Use SSL configuration repertoires

An SSL repertoire contains the details necessary for building an SSL connection, such as the location of the key files, their type and the available ciphers. WebSphere Application Server - Express provides a default repertoire called DefaultSSLSettings. To view this page in the administrative console, click Security --> SSL to see the list of SSL repertoire settings.

Note: It is not recommended to use the default repertoire in a production environment. For more information, see Change the default SSL keystore and truststore files.

The appropriate repertoire is referenced during the configuration of a service that sends and receives requests encrypted using SSL, such as the Web container. Before deleting SSL configurations from the repertoire, remember that if an SSL configuration alias is referenced somewhere, and it is deleted here, an SSL connection fails if the deleted alias is accessed.

The SSL configuration repertoire allows administrators to define any number of SSL settings which can be used to make HTTPS, IIOPS, or LDAPS connections. You can pick one of the SSL settings defined here from any location within the administrative console which allows SSL connections. This simplifies the SSL configuration process since you can reuse many of these SSL configurations by simply specifying the alias in multiple places.

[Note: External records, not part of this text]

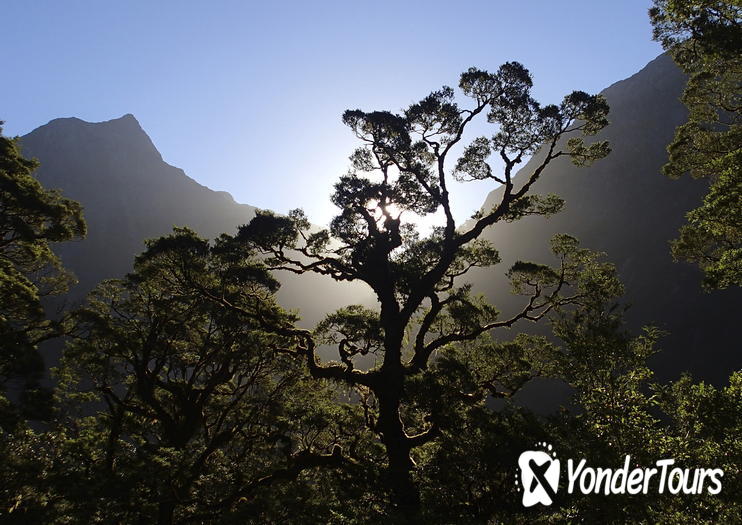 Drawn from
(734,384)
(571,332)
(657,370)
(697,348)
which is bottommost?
(734,384)

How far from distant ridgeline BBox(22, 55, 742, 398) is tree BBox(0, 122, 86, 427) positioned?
4716 cm

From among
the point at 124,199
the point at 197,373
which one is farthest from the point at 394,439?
the point at 124,199

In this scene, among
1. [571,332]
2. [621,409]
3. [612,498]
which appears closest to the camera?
[612,498]

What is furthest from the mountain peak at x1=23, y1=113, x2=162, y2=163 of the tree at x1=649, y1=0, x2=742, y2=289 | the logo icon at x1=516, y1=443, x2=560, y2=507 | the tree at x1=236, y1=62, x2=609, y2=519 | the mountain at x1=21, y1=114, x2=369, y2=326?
the logo icon at x1=516, y1=443, x2=560, y2=507

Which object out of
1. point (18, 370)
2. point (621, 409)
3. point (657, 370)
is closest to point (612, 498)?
Result: point (621, 409)

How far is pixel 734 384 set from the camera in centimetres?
771

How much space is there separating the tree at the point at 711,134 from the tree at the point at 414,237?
271 centimetres

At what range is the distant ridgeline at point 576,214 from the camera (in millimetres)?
64125

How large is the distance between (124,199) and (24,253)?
412 feet

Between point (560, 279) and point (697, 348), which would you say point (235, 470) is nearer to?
point (560, 279)

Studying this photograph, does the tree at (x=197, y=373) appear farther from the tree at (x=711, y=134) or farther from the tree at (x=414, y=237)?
the tree at (x=711, y=134)

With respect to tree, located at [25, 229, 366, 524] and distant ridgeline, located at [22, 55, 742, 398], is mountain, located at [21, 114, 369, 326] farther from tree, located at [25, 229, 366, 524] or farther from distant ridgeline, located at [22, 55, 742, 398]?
tree, located at [25, 229, 366, 524]

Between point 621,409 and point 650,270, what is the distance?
79036 millimetres

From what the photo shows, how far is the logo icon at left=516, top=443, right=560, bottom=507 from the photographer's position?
7164 mm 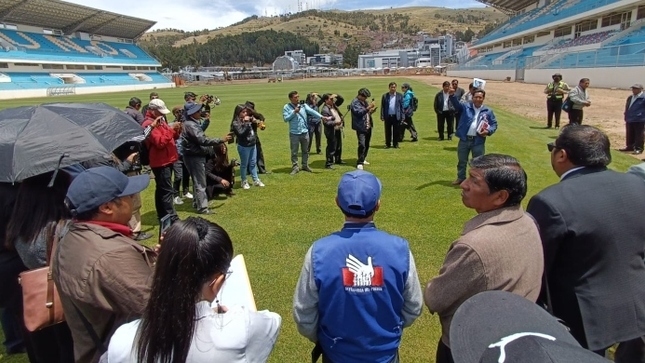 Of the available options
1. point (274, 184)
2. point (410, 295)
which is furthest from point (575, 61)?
point (410, 295)

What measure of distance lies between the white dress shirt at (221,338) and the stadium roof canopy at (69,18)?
61544 millimetres

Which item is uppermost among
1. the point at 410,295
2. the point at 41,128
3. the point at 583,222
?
the point at 41,128

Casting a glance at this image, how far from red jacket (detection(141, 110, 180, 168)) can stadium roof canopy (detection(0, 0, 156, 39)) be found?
57.0m

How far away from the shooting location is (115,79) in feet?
200

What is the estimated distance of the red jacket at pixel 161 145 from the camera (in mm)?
5824

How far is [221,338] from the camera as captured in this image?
5.07ft

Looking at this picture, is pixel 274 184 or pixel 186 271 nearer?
pixel 186 271

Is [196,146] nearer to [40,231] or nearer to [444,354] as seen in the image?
[40,231]

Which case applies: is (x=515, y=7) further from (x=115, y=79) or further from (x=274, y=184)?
(x=274, y=184)

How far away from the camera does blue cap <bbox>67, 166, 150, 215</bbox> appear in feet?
6.74

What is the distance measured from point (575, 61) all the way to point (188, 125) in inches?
1404

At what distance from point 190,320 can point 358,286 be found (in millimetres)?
877

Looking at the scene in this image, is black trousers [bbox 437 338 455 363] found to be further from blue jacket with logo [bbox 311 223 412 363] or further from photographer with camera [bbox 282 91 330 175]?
photographer with camera [bbox 282 91 330 175]

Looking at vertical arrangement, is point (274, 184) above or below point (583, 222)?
below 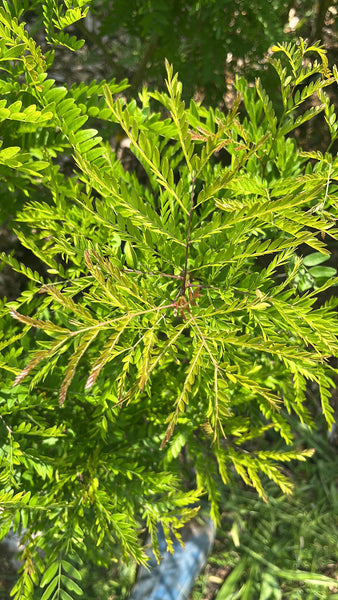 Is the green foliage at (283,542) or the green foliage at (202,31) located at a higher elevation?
the green foliage at (202,31)

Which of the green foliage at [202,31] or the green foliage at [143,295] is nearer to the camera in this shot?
the green foliage at [143,295]

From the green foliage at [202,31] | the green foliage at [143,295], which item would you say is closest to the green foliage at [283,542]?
the green foliage at [143,295]

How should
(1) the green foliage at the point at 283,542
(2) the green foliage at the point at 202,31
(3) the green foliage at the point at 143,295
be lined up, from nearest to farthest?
1. (3) the green foliage at the point at 143,295
2. (2) the green foliage at the point at 202,31
3. (1) the green foliage at the point at 283,542

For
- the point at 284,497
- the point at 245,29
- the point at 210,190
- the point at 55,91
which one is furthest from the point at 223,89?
the point at 284,497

To create an SSL repertoire, perform these steps in the WebSphere administrative console:

1. In the navigation menu, expand Security and then click SSL.
2. From the SSL Configuration Repertoire window, click New. Type an Alias by which the configuration is known. Click OK.
3. Select the new SSL configuration repertoire by clicking the link.
4. Now click Secure Sockets Layer (SSL) under in Additional Properties. The new configuration details can be entered in the window that appears.
5. Type the fully qualified path name of the key file.
6. Type the password for the key file.
7. Repeat the above two steps for the trust file. Make sure that the trust file path name is fully qualified.
8. If Client Authentication is supported by this configuration, then select Client Authentication. This only affects HTTP and LDAP requests.
9. The appropriate security level must be set. Valid values are as follows:
   • Low
     Specifies only digital signing ciphers (no encryption).
   • Medium
     Specifies only 40-bit ciphers (including digital signing).
   • High
     specifies only 128-bit ciphers (including digital signing).
10. If the preset security level does not define the required cipher, it can be manually added to the cipher suite option.
11. Note that hardware or software cryptographic support is not available on the iSeries system. The Cryptographic Token setting is not applicable to iSeries.
12. Select IBMJSSE as the JSSE provider.

    Note: Other WebSphere Application Server platforms support the IBMJSSEFIPS JSSE provider, which adheres to the Federal Information Processing Standard (FIPS). FIPS is not currently supported on iSeries, so IBMJSSE is the only choice.

13. Select an SSL protocol version.
14. Click OK to apply the changes.
15. If there are no errors, save the changes to the master configuration and restart WebSphere Application Server - Express.